§ **YOUR GOAL**
Omit the images and output every line of the data below exactly.

§ **DATA**
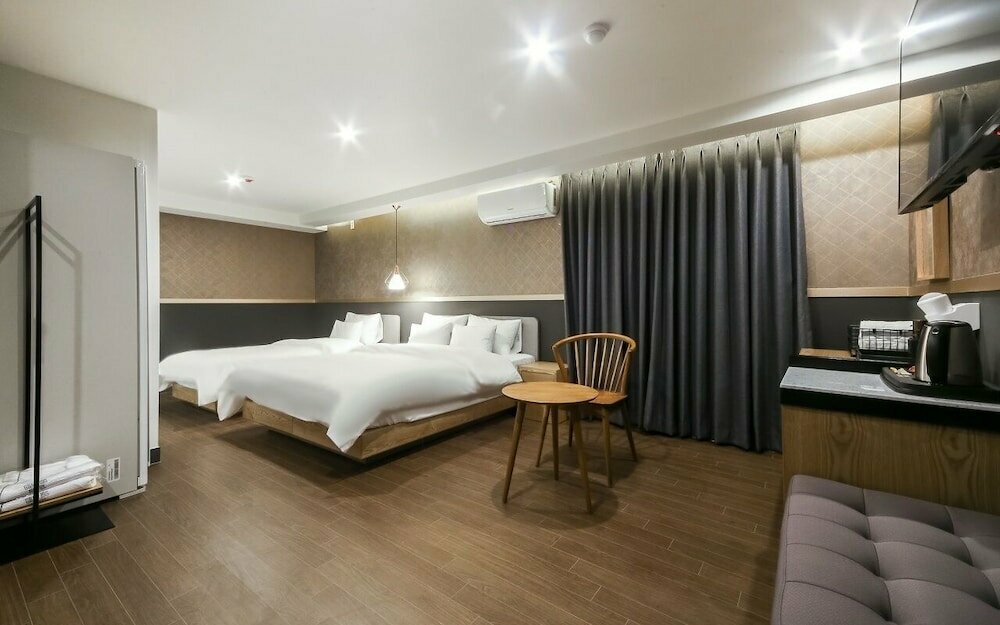 Gray 194 Hotel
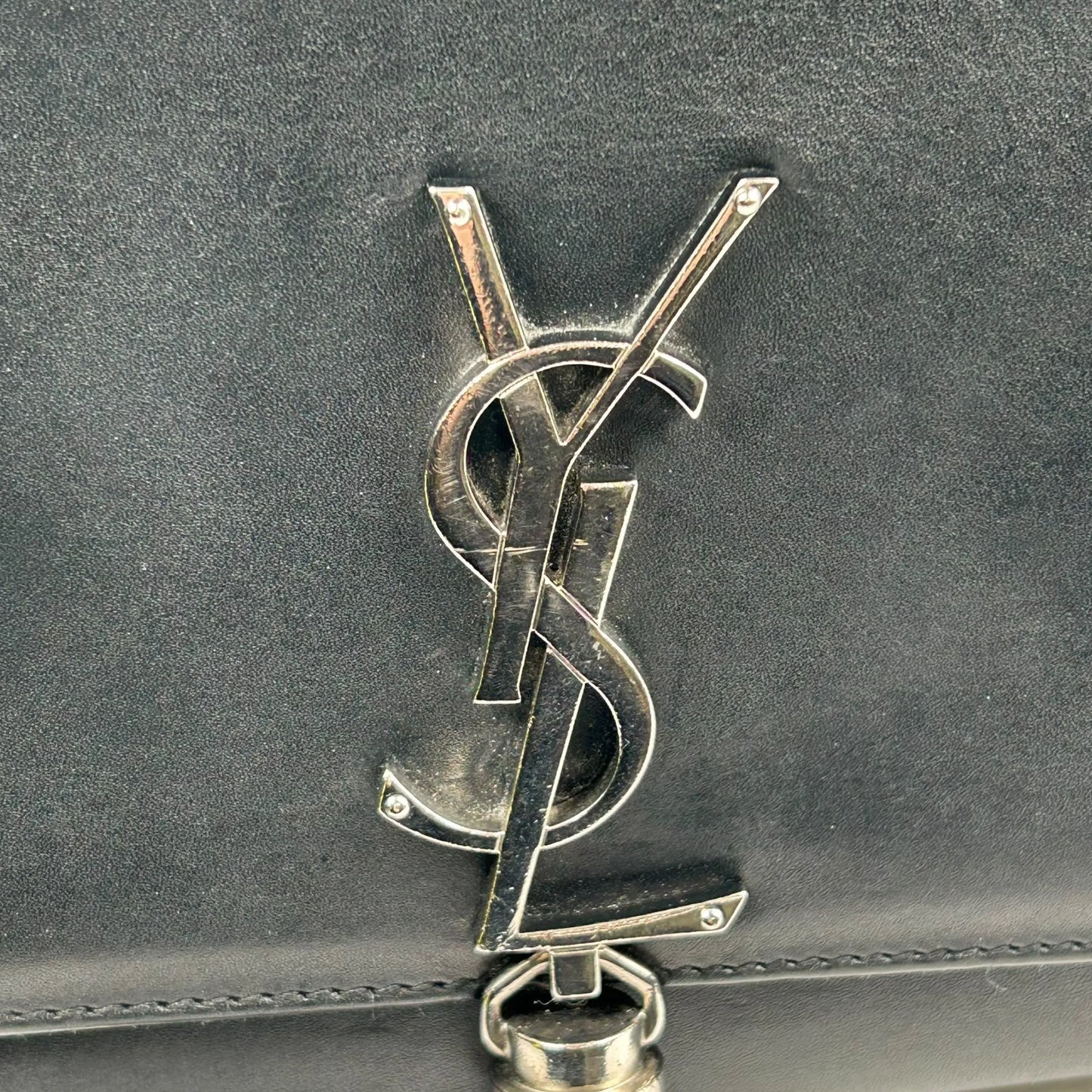 Saint Laurent ケイト タッセル ミディアム レザー チェーンショルダーバッグ - ブラック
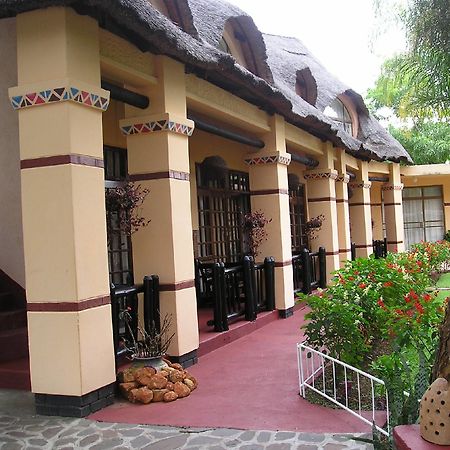 Lalani Hotel And Conference Centre 불라와요 외부 사진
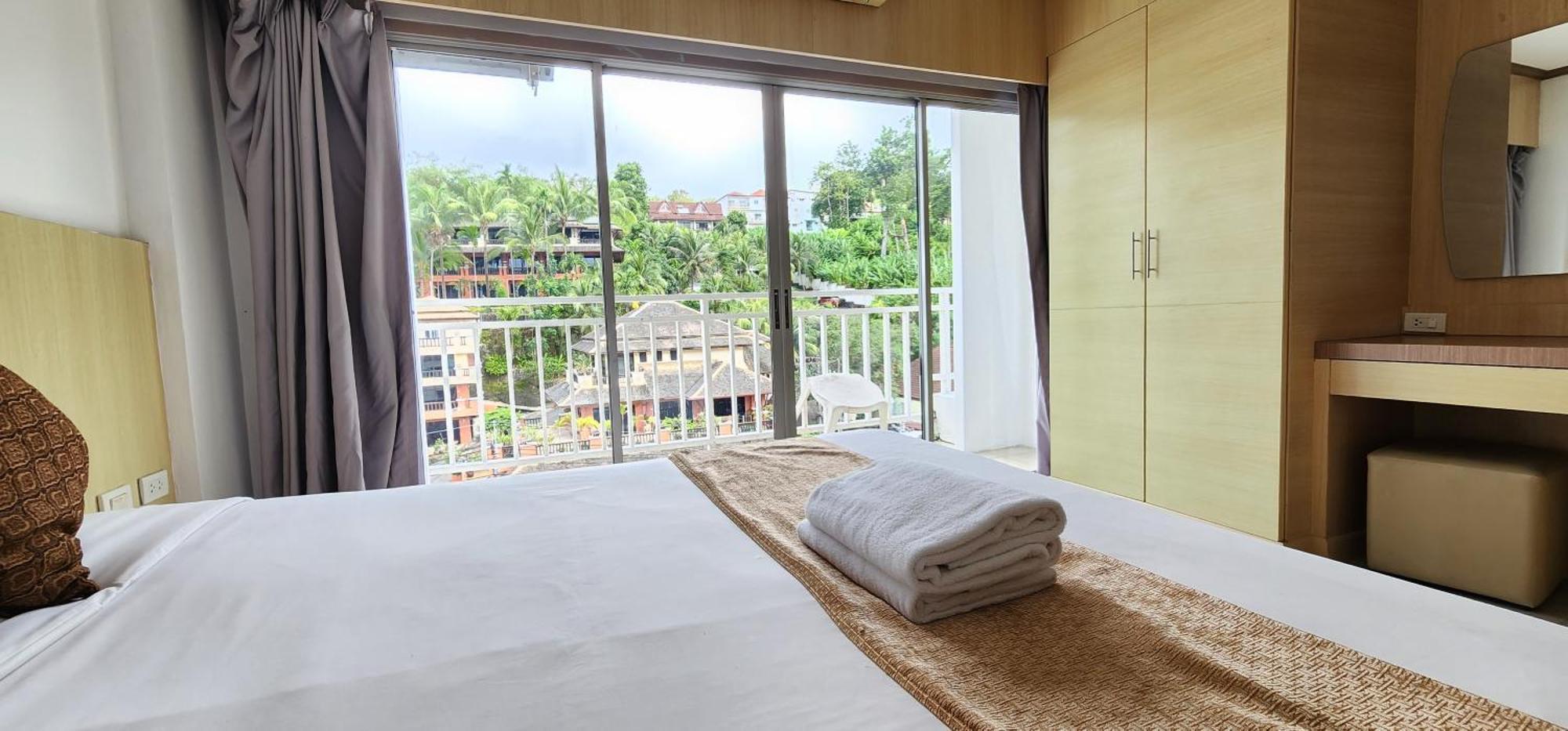 Eden Park 호텔 Patong 외부 사진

§ **YOUR SOLUTION**
 Gray 194 Hotel
 Saint Laurent ケイト タッセル ミディアム レザー チェーンショルダーバッグ - ブラック
 Lalani Hotel And Conference Centre 불라와요 외부 사진
 Eden Park 호텔 Patong 외부 사진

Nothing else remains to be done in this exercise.